Twitter service delays and problems

Created by Catherine Howell (University of Cambridge) on June 16, 2008

In May-June last year, there was noise in the Twitter and developer communities about delays and unreliable service from the popular microblogging platform. Jeff Atwood from Coding Horror suggested Twitter was a victim of its own success. Twitter fought back, working hard to deal with the service issues that its meteoric rise had brought. A year on, and the same or similar issues are bubbling up. Who or what was to blame: the management? the developers? Ruby on Rails?
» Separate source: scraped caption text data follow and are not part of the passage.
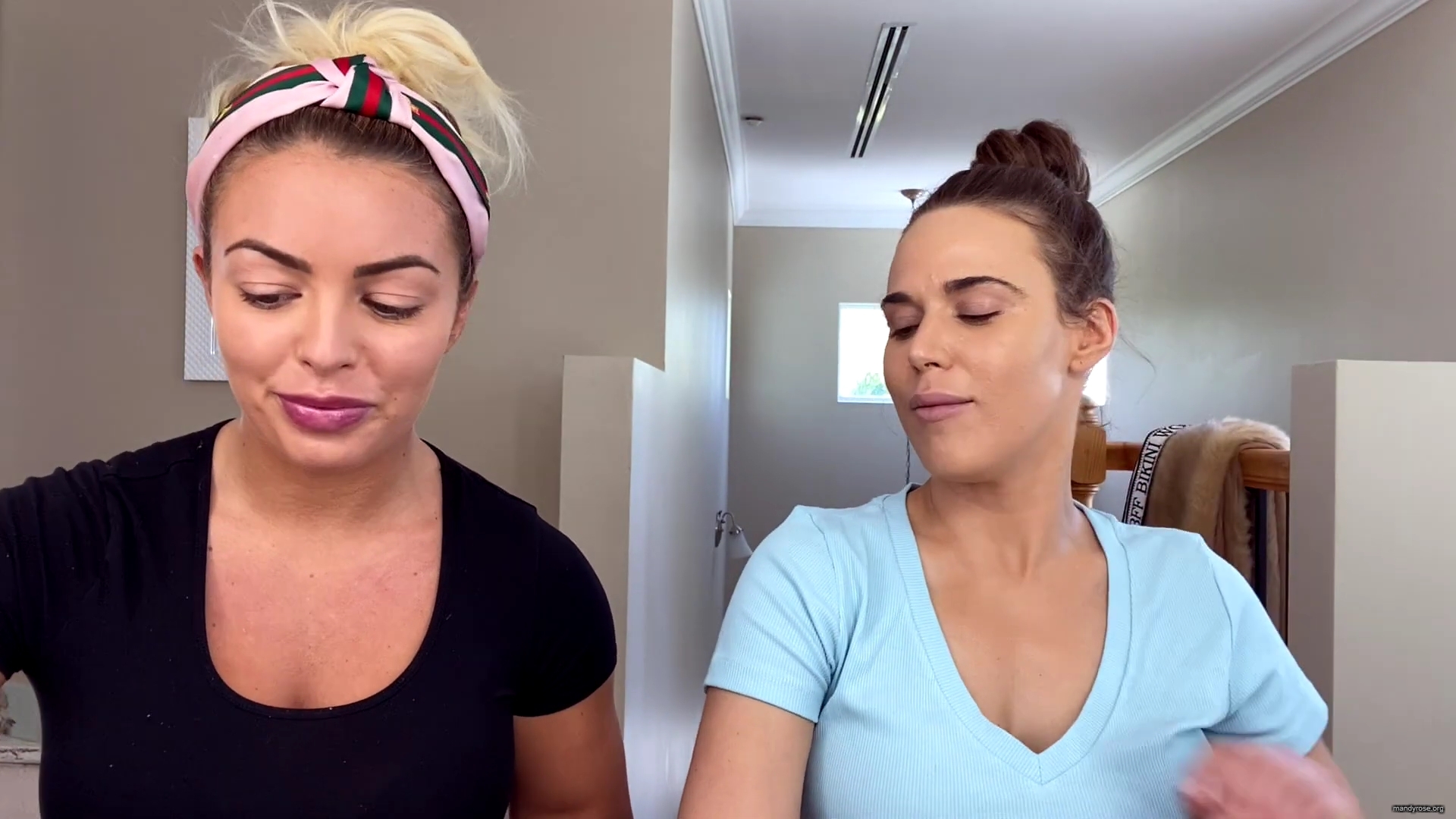 Mandy_Rose_Shows_Me_Her_Makeup_Secrets___Lana_WWE___CJ_Perry_mp40521.jpg
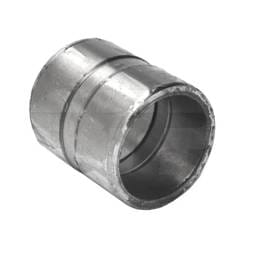 Komatsu Bushing, 23B-70-31730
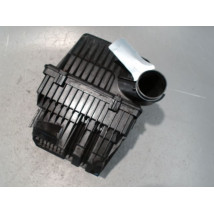 BOITIER FILTRE A AIR PEUGEOT 307 2001-2005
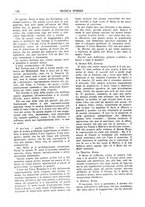 giornale/TO00203071/1924/unico/00000148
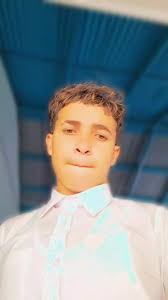 Daniel Haas Notre Dame Nj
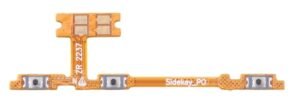 Nokia G60 Volume Button (Inner / Flex Cable)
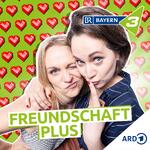 Freundschaft plus - Liebe, Sex und Beziehungen aller Art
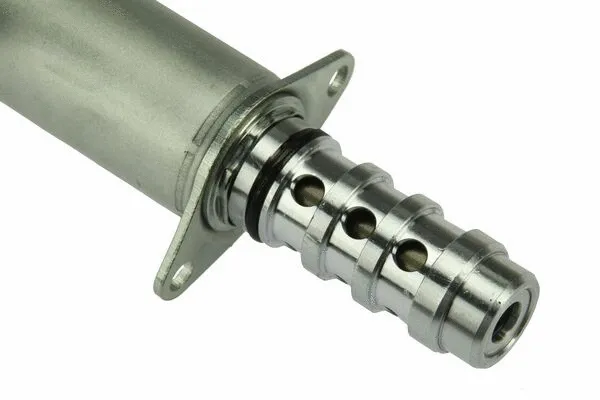 Control Valve, camshaft adjustment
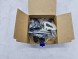 Volvo OE SPEED30753828 VOLVO V70 II XC70 I 2000+ ЗАМОК ЗАДНЬОЇ КРИШКИ БАГАЖНИКА 30753828
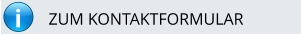 i ZUM KONTAKTFORMULAR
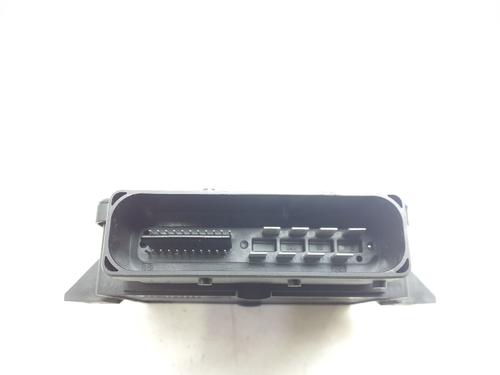 Electronic module LAND ROVER RANGE ROVER EVOQUE (L538) 2.0 D 4x4 | BP40195433M83 - Image 4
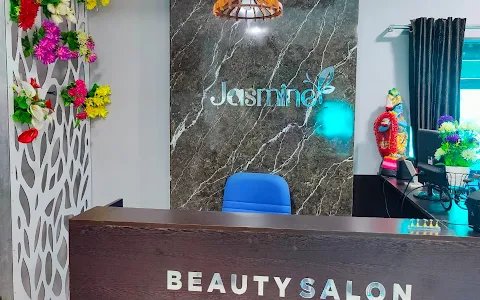 Jasmine beauty salon image
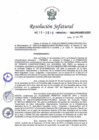 Vista preliminar de documento RJ-216-2016-MINEDU-VMGI-PRONIED-UGEO.pdf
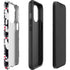 Looney Tunes Sylvester and Tweety Super Sized iPhone 13 Pro Impact Case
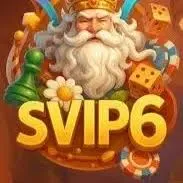 SVIP6 - Aplikasi Tidur & Relaksasi Terbaik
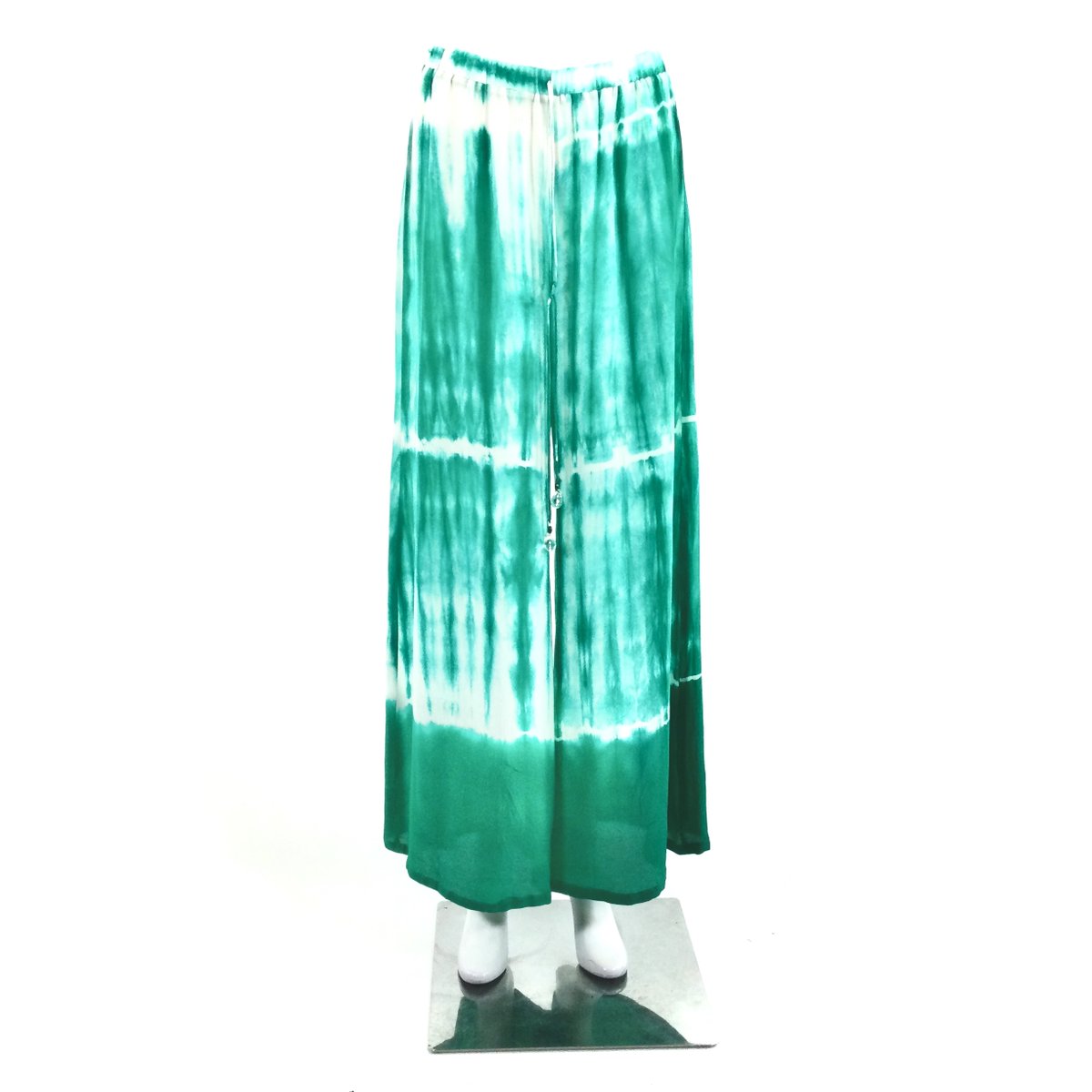 leaps_dragonfly's tweet image. 👗😍𝑵𝒆𝒘 𝑫𝒆𝒔𝒊𝒈𝒏𝒆𝒓 𝑷𝒊𝒆𝒄𝒆𝒔 𝑱𝒖𝒔𝒕 𝑫𝒓𝒐𝒑𝒑𝒆𝒅!👝👠
✅𝗥𝗔𝗖𝗛𝗘𝗟 𝗭𝗢𝗘
✅𝗩𝗜𝗡𝗖𝗘
✅𝗧𝗔𝗝
✅𝗖𝗔𝗦𝗔 𝗟𝗢𝗣𝗘𝗭
𝑺𝒉𝒐𝒑 𝒕𝒉𝒆 𝒄𝒐𝒍𝒍𝒆𝒄𝒕𝒊𝒐𝒏 dragonflythrift.org/collections/lu… #SHOPFORCHANGE #DESIGNERCOLLECTION #DRAGONFLYTHRIFT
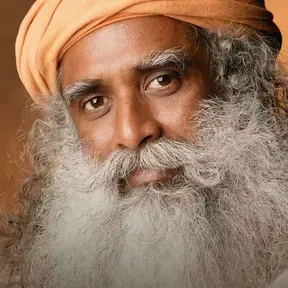 ISHA YOGA FM RADIO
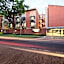 Absolute Farenden Apartments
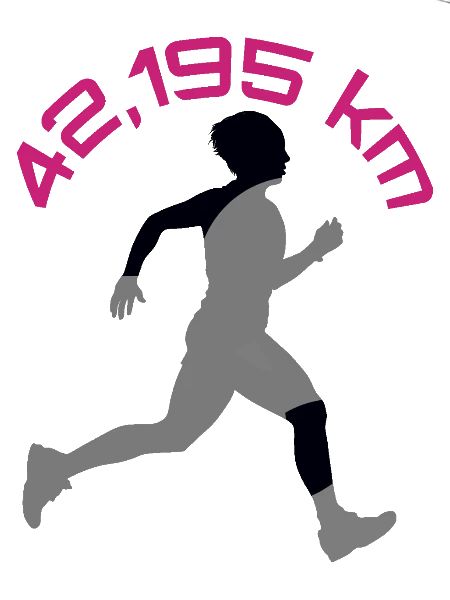 Marathon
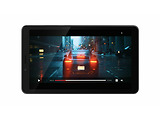 Lenovo Tab M7 / 7" WVA HD / MediaTek MT8321 / 1Gb / 16Gb / 3G WCDMA / 3500mAh / TB-7305I / Black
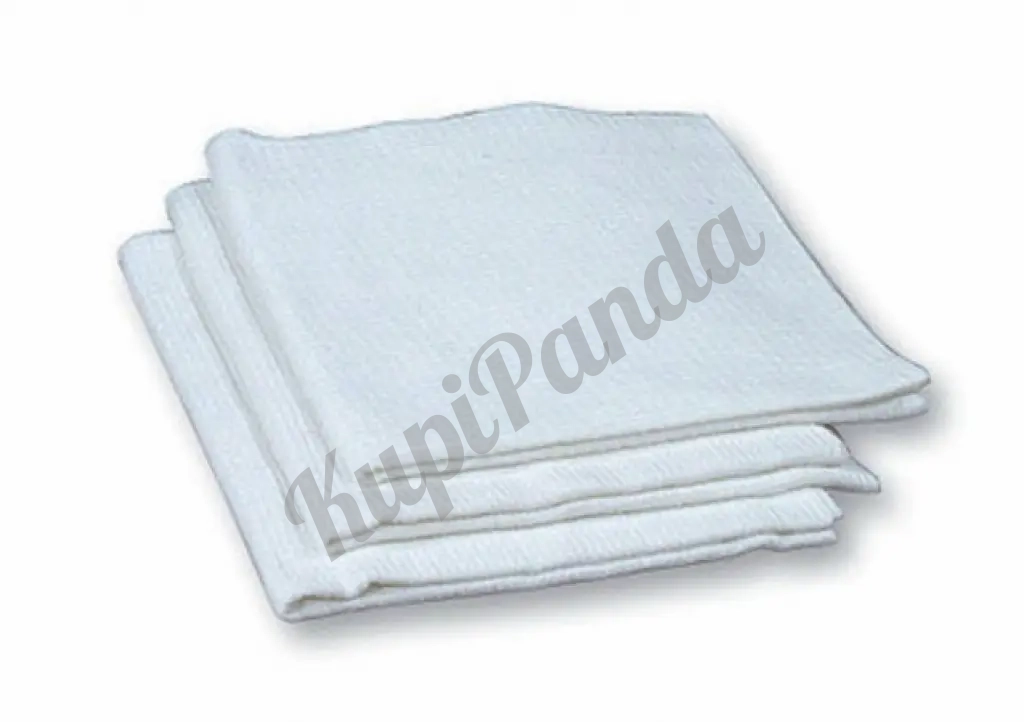 Дешевые полотенца махровые и вафельные крупным оптом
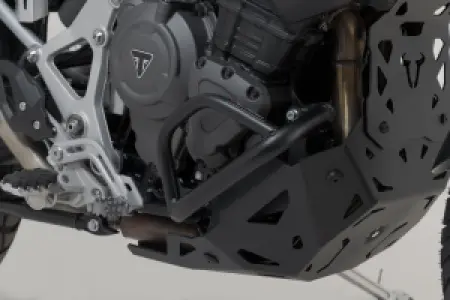 SW-MOTECH - CRASH BAR - 05052326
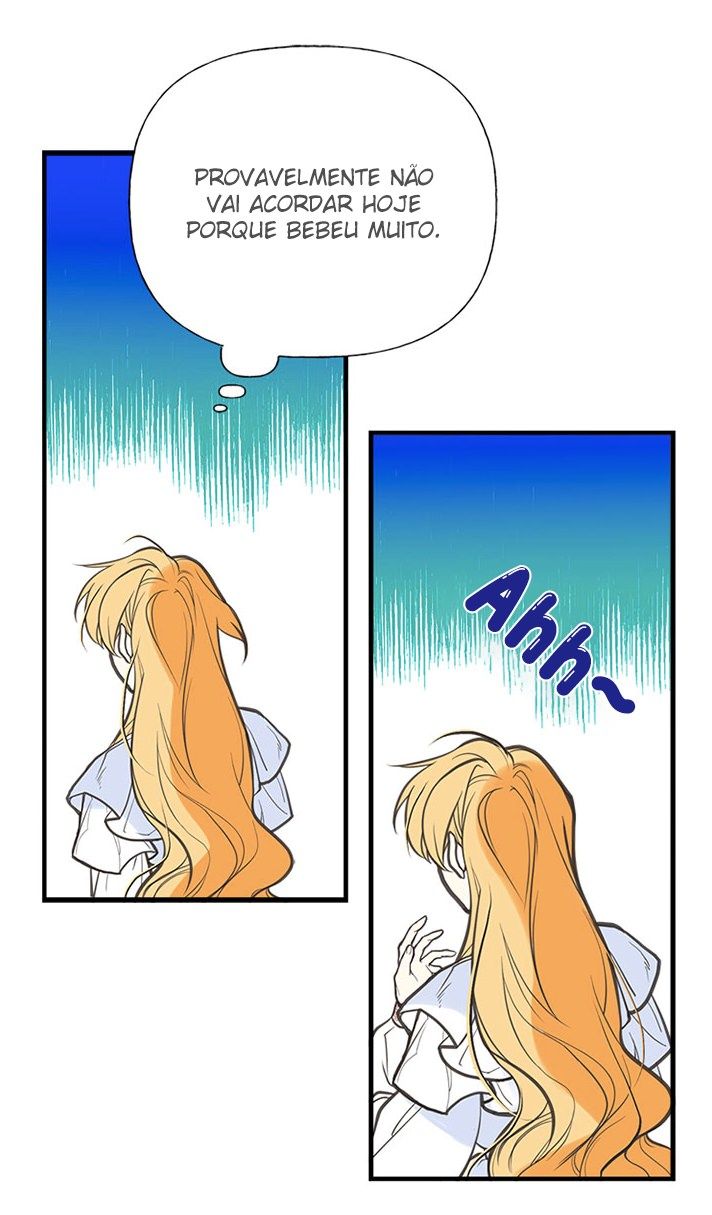 Cap 3 página 11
Tim Bray suggested that, maybe, it's not the platform, it's the people. He may have a point: Twitter *is* attention hungry. Ravenous. And I would claim there are hard-wired cognitive limits to our ability to multitask -- at least, without seriously impaired task performance. For educators, this is a key issue. Past a certain point, intensive Twitter use should be read as primarily about maintaining social presence, not about information exchange. I take the point about the Twitteresque benefits of "early-warning systems" and Twitter's enabling of "distributed cognition", but I'd be very surprised if those affordances counted for anything more than an exceptionally small fragment of Twitter usage, day to day. There is always a tradeoff point where the attention cost that accompanies intensity of use negates the initial benefits of adoption. How many users have reached that point?

Twittterers seeking to prune their usage might like to check out Seth Godin's Email Checklist for suggestions. No, Seth's list wasn't written in relation to microblogging, and some of the points are not relevant, but it might make you think about the ways in which your time and attention is currently distributed across services and systems.